The man’s life blood, I swear,
will spurt and run out black around my lancehead!
For it is true of me, too, that Odysseus,
raider of cities, took me on his knees
and fed me often—tidbits and red wine.
Should not Telémakhos, therefore, be dear to me
above the rest of men? I tell the lad
he must not tremble for his life, at least
alone in the suitors’ company. Heaven
deals death no man avoids.”
Blasphemous lies
in earnest tones he told—the one who planned
the lad’s destruction!
Silently the lady
made her way to her glowing upper chamber,
there to weep for her dear lord, Odysseus,
until grey-eyed Athena
cast sweet sleep upon her eyes.
At fall of dusk
Odysseus and his son heard the approach
of the good forester. They had been standing
over the fire with a spitted pig,
a yearling. And Athena coming near
with one rap of her wand made of Odysseus
an old old man again, with rags about him—
for if the swineherd knew his lord were there
he could not hold the news; Penelope
would hear it from him.
Now Telémakhos
greeted him first:
“Eumaios, back again!
What was the talk in town? Are the tall suitors
home again, by this time, from their ambush,
or are they still on watch for my return?”
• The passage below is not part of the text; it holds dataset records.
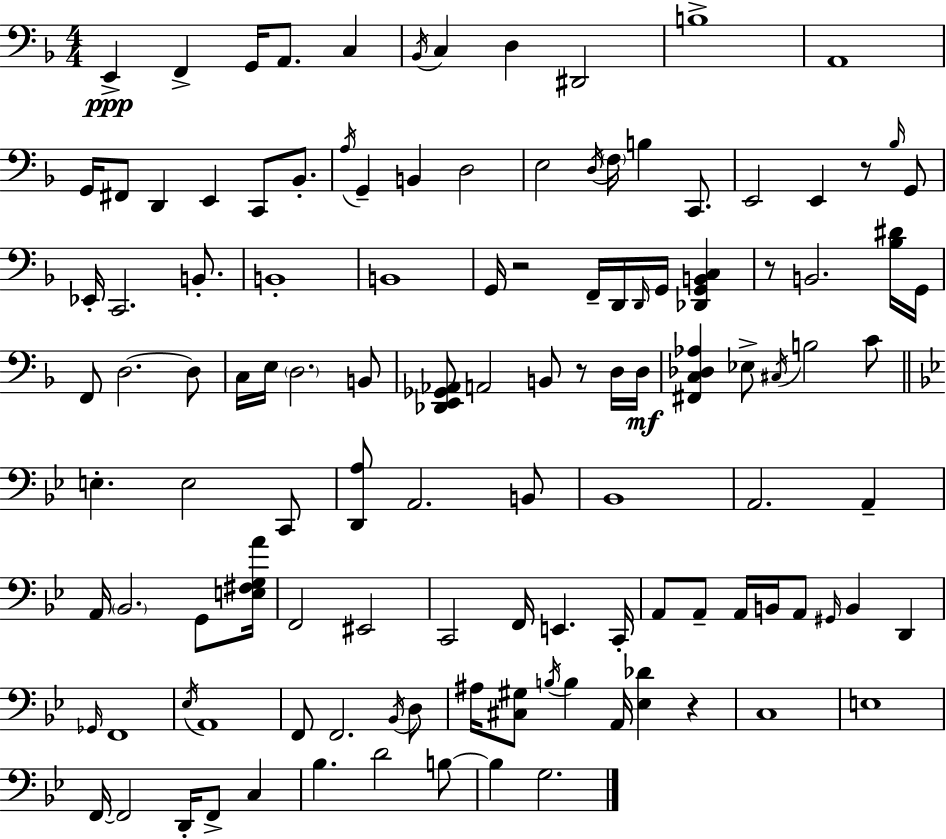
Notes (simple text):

E2/q F2/q G2/s A2/e. C3/q Bb2/s C3/q D3/q D#2/h B3/w A2/w G2/s F#2/e D2/q E2/q C2/e Bb2/e. A3/s G2/q B2/q D3/h E3/h D3/s F3/s B3/q C2/e. E2/h E2/q R/e Bb3/s G2/e Eb2/s C2/h. B2/e. B2/w B2/w G2/s R/h F2/s D2/s D2/s G2/s [Db2,G2,B2,C3]/q R/e B2/h. [Bb3,D#4]/s G2/s F2/e D3/h. D3/e C3/s E3/s D3/h. B2/e [Db2,E2,Gb2,Ab2]/e A2/h B2/e R/e D3/s D3/s [F#2,C3,Db3,Ab3]/q Eb3/e C#3/s B3/h C4/e E3/q. E3/h C2/e [D2,A3]/e A2/h. B2/e Bb2/w A2/h. A2/q A2/s Bb2/h. G2/e [E3,F#3,G3,A4]/s F2/h EIS2/h C2/h F2/s E2/q. C2/s A2/e A2/e A2/s B2/s A2/e G#2/s B2/q D2/q Gb2/s F2/w Eb3/s A2/w F2/e F2/h. Bb2/s D3/e A#3/s [C#3,G#3]/e B3/s B3/q A2/s [Eb3,Db4]/q R/q C3/w E3/w F2/s F2/h D2/s F2/e C3/q Bb3/q. D4/h B3/e B3/q G3/h.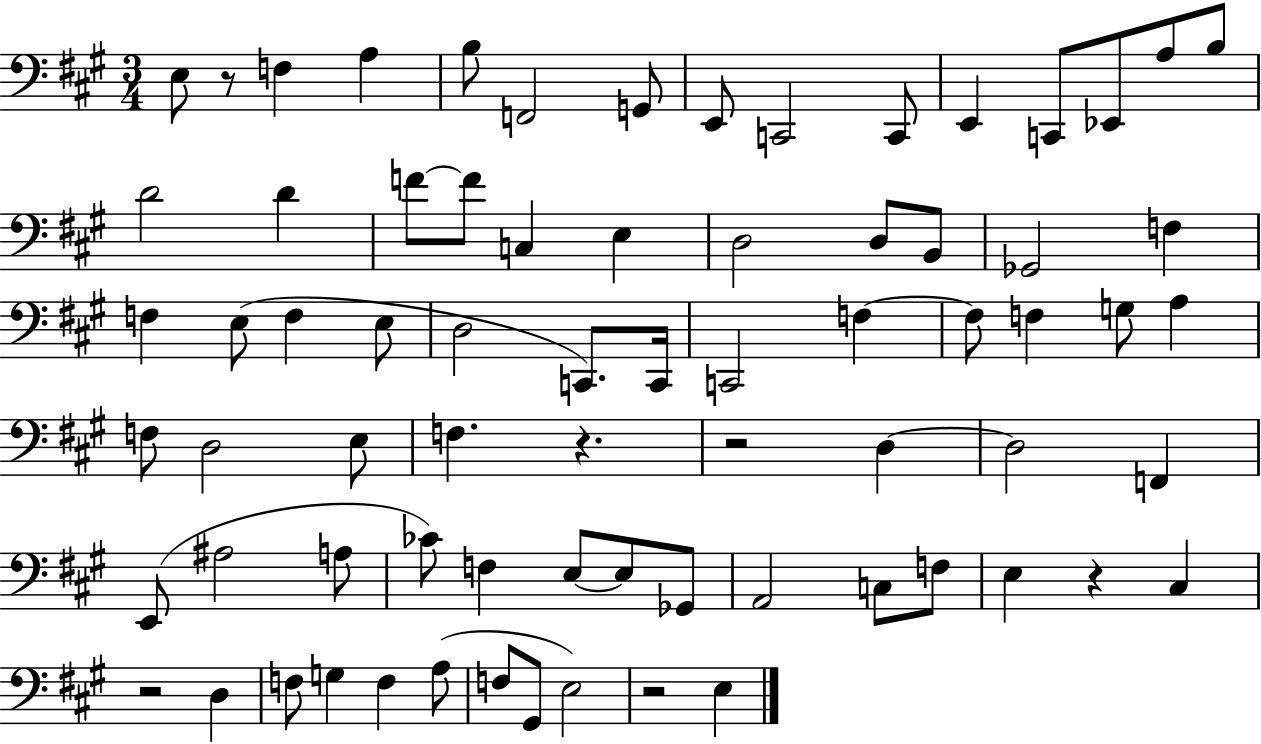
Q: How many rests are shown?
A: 6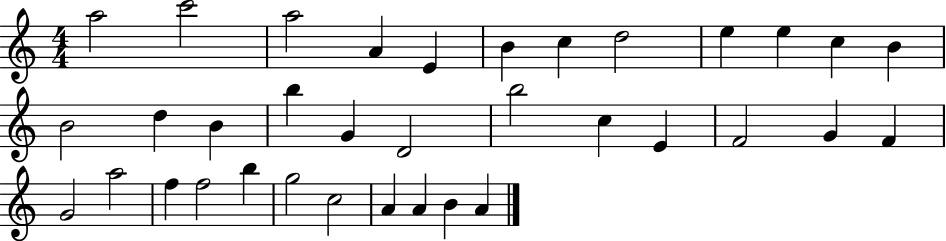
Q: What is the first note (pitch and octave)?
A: A5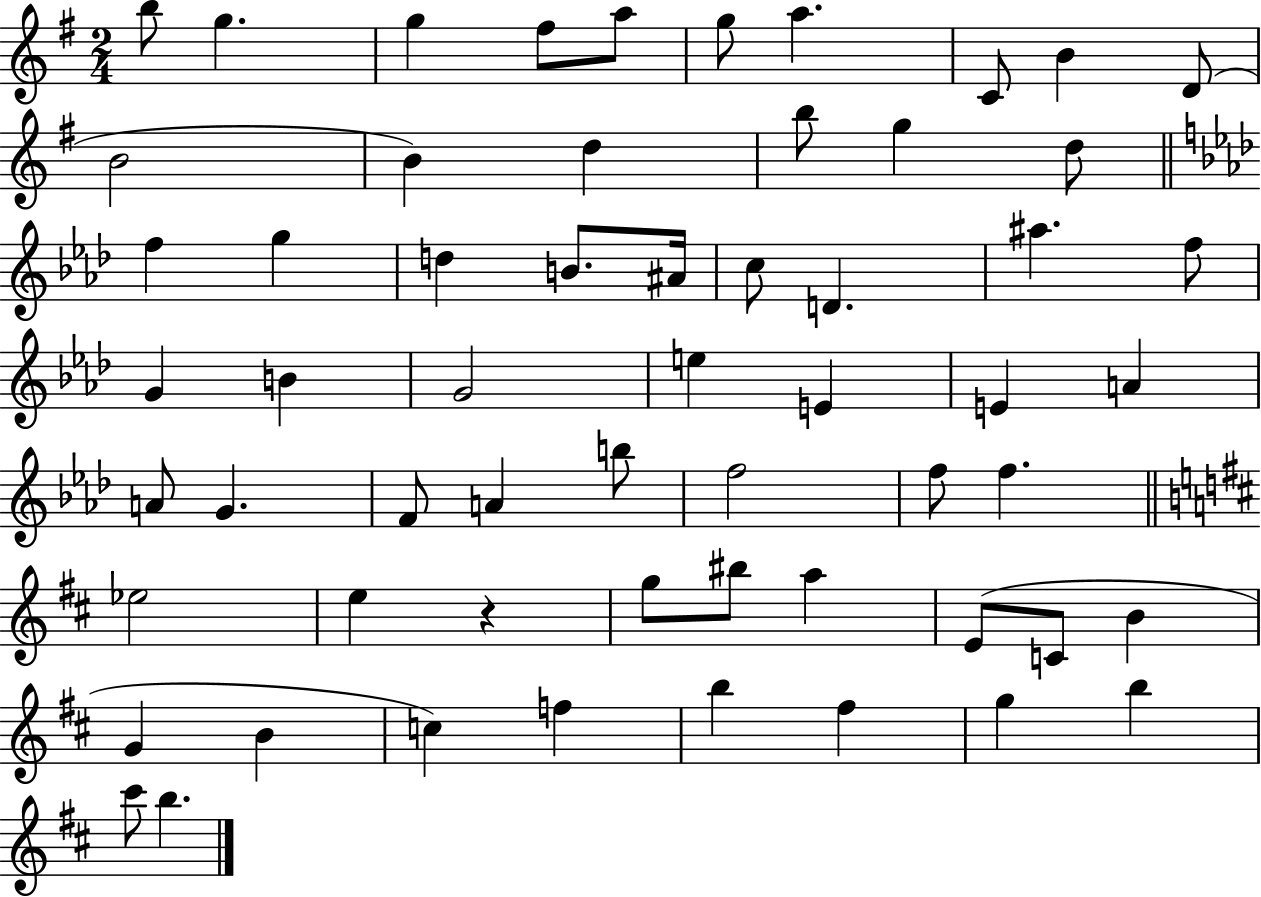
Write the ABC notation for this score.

X:1
T:Untitled
M:2/4
L:1/4
K:G
b/2 g g ^f/2 a/2 g/2 a C/2 B D/2 B2 B d b/2 g d/2 f g d B/2 ^A/4 c/2 D ^a f/2 G B G2 e E E A A/2 G F/2 A b/2 f2 f/2 f _e2 e z g/2 ^b/2 a E/2 C/2 B G B c f b ^f g b ^c'/2 b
And you replied, Eumaios—O my swineherd:
“There was no time to ask or talk of that;
I hurried through the town. Even while I spoke
my message, I felt driven to return.
A runner from your friends turned up, a crier,
who gave the news first to your mother. Ah!
One thing I do know; with my own two eyes
I saw it. As I climbed above the town
to where the sky is cut by Hermes’ ridge,
I saw a ship bound in for our own bay
with many oarsmen in it, laden down
with sea provisioning and two-edged spears,
and I surmised those were the men.
Who knows?”
Telémakhos, now strong with magic, smiled
across at his own father—but avoided
the swineherd’s eye.
So when the pig was done,
the spit no longer to be turned, the table
garnished, everyone sat down to feast
on all the savory flesh he craved. And when
they had put off desire for meat and drink,
they turned to bed and took the gift of sleep.